In den Monaten Juli und August fanden mehrmals Suchen statt auf den Kartoffelfel­dern, um festzustellen, ob der schädliche Kartoffelkäfer sich hier schon gezeigt hatte.
Am 4. Oktober wurde in Lorbach das Erntedankfest in würdiger Weise gefeiert. Mit Bergheim zusammen wurde mit festlich geschmückten Erntewagen zuerst ein Um­zug durch den Ort veranstaltet. Auf dem Schulhof fand die eigentliche Feier statt. Darbietungen der Musikkapelle, Gedichte und Sprechchöre wechselten in bunter Folge ab. Nach der Rede des Lehrers wurden die Schulkinder mit 15 riesigen Weißbroten und 40 Liter Kakao gespeist. Ein ausgedehnter Ernteball beschloß den Festtag.

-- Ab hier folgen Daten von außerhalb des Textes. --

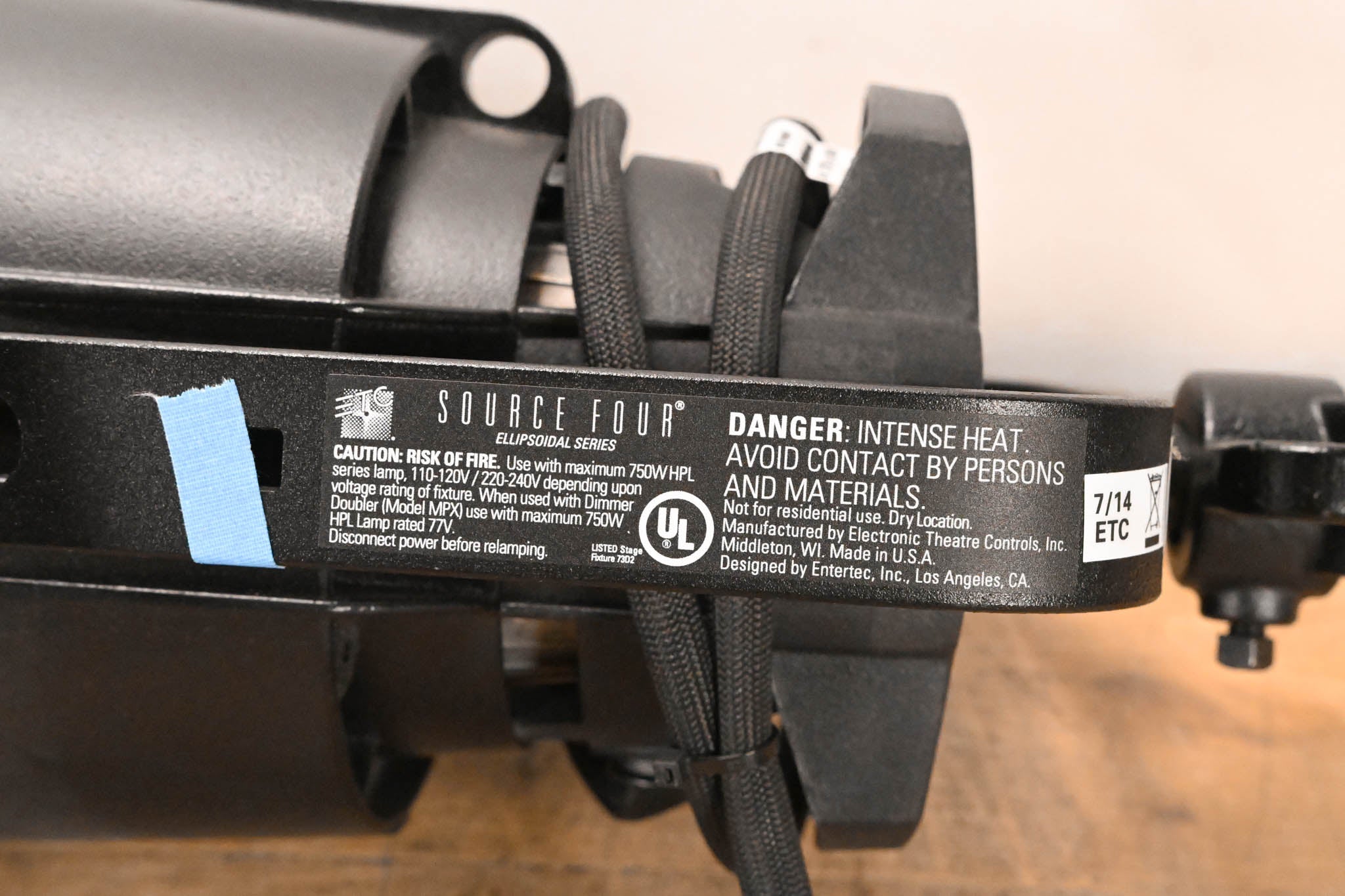 ETC Source Four Zoom 15-30 Degree 750 Ellipsoidal Light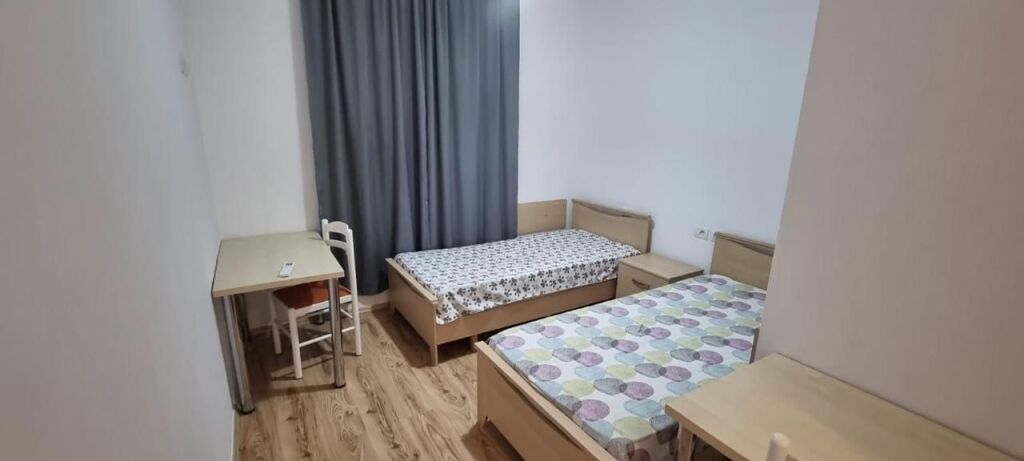 🏠Sauk,jepet me qera kati i II-te i nje vile 3+1,i mobiluar.55,000Leke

Am 15. Oktober wurde unser Mitbürger Michael Schumacher (Vorfahr derSchu­macher von der Siedlung, der Schumacher in Bergheim und Vater des Geistlichen Edmund Schumacher) 90 Jahre alt. Er wurde geehrt durch einen schönen Fackelzug, Gedichte, Musikdarbietungen und Ansprachen des Lehrers und Gemeindevorste­hers.
Am 11. November wurde zum 5 mal die Martinsfeier begangen. Es wurden wieder rund 100 große Wecken verteilt.
Wegen Erkrankung mehrerer Kinder an Scharlach wurde die Schule am 17. Dezember geschlossen. Nach erlöschen der Krankheit begann der Unterricht wieder am 1. Februar.
Im März besuchte der Schularzt Dr. Schwartmann die Schule zur eingehenden Un­tersuchung aller Schulkinder. Es wurden keine schweren Krankheitsfälle festgestellt, das Allgemeinbefinden der Kinder war gut“.

Bemerkung:

Bei der vorliegenden Lorbacher Schulchronik handelt es sich um eine Abschrift, die mit der Schreibmaschine geschrieben wurde. Ein paar wenige kopierte Blätter der Originalchronik sind beigefügt. Der Text wurde zum besseren Verständnis nur in wenigen Fällen vom Bearbeiter geändert. Der in Klammern gefasste Text wurde von dem Bearbeiter zugefügt.